*PROBLEM TO WORK ON*. Exactly reproduce the lines beginning with the line that includes "Hilda long-sleeve sequined" and ending with the last line of the data.

*RECORDS SUPPLIED*.
┌──
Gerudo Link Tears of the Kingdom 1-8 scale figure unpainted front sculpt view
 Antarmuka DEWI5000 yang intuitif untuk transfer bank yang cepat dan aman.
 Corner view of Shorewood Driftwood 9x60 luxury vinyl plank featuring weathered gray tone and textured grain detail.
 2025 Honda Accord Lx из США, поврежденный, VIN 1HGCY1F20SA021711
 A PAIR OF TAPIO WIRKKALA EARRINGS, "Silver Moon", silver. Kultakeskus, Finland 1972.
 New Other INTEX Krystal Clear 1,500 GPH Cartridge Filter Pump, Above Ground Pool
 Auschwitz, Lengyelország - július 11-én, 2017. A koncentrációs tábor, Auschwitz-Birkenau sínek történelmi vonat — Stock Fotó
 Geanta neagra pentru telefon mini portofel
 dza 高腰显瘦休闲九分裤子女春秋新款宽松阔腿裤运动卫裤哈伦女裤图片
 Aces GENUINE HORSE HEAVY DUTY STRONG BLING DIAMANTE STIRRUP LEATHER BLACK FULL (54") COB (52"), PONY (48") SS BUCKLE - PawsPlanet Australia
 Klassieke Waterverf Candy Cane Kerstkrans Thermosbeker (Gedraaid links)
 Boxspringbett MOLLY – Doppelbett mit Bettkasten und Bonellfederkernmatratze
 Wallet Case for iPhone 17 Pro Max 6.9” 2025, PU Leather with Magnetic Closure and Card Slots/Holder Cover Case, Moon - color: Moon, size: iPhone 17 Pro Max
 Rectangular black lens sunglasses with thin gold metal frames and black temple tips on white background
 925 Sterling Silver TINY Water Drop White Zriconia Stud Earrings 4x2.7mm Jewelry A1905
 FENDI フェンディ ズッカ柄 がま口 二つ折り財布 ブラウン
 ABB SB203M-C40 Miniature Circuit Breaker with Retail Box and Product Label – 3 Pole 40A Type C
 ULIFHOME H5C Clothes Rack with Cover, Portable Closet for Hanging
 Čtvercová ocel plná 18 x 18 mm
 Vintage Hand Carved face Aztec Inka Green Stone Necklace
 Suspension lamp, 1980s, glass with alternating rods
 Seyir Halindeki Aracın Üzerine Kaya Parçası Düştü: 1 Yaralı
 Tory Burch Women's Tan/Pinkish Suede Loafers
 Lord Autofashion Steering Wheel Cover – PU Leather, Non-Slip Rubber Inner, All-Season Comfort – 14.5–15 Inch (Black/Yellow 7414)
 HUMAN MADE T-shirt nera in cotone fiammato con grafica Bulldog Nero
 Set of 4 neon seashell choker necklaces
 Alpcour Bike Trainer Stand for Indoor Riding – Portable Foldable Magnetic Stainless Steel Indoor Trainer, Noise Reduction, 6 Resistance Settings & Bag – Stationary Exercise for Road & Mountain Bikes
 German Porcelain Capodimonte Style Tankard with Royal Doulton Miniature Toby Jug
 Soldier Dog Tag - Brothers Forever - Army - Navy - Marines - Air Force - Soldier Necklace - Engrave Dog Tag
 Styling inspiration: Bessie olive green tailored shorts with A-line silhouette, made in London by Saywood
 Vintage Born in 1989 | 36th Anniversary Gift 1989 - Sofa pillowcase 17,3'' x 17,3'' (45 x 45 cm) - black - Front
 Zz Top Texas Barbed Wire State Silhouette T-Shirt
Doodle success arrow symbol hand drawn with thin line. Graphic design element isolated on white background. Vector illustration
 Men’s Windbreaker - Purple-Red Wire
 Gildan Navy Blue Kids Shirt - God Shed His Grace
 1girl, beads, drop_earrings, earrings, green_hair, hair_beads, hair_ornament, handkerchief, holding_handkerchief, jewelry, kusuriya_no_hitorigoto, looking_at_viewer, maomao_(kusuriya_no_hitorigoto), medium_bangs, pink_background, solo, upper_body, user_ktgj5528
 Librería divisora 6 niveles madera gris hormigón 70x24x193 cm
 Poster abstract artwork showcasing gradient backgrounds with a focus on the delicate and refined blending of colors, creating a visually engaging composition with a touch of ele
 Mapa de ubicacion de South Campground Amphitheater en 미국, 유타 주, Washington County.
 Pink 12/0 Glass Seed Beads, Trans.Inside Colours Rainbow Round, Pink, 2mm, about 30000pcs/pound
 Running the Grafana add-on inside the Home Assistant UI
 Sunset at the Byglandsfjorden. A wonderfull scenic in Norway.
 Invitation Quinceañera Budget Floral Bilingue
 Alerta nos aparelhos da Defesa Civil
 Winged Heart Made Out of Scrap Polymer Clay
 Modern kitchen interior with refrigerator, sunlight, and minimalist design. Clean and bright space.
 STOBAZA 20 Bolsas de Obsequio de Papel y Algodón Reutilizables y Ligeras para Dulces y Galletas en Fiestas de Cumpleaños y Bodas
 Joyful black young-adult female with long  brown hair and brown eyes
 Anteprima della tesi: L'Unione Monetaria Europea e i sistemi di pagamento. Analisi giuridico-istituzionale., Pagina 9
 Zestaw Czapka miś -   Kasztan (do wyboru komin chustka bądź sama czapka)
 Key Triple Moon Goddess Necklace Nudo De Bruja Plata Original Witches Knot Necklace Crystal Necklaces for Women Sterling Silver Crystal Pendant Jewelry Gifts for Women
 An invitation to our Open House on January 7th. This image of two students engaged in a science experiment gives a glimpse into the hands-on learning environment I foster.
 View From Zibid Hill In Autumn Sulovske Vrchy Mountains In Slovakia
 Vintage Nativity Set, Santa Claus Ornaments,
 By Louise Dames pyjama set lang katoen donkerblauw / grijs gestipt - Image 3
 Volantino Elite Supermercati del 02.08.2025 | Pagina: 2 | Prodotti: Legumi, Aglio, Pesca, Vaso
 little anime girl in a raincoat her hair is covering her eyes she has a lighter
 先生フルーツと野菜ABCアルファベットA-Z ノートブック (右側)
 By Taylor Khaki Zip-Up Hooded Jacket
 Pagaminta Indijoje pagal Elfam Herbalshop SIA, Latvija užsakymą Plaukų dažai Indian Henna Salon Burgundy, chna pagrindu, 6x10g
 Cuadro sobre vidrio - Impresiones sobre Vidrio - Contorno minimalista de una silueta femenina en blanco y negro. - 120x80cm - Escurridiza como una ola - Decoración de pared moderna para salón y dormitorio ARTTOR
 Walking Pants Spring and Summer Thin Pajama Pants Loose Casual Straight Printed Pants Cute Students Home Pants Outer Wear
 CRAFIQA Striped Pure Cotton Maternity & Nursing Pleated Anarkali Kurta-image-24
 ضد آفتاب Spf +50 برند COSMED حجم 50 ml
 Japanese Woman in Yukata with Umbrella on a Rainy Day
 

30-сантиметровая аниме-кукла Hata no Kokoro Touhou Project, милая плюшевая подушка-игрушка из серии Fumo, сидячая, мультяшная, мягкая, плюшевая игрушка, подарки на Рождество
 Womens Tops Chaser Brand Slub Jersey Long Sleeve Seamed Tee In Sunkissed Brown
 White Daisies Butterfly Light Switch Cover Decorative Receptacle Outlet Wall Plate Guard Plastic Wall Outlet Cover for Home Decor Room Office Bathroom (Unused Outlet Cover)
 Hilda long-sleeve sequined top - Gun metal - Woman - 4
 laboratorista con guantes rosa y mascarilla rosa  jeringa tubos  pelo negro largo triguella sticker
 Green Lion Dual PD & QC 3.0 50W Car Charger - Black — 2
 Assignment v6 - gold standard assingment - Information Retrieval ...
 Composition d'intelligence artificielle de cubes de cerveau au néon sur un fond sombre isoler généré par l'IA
└──
*RESULT OF THIS EXERCISE*.
 Hilda long-sleeve sequined top - Gun metal - Woman - 4
 laboratorista con guantes rosa y mascarilla rosa  jeringa tubos  pelo negro largo triguella sticker
 Green Lion Dual PD & QC 3.0 50W Car Charger - Black — 2
 Assignment v6 - gold standard assingment - Information Retrieval ...
 Composition d'intelligence artificielle de cubes de cerveau au néon sur un fond sombre isoler généré par l'IA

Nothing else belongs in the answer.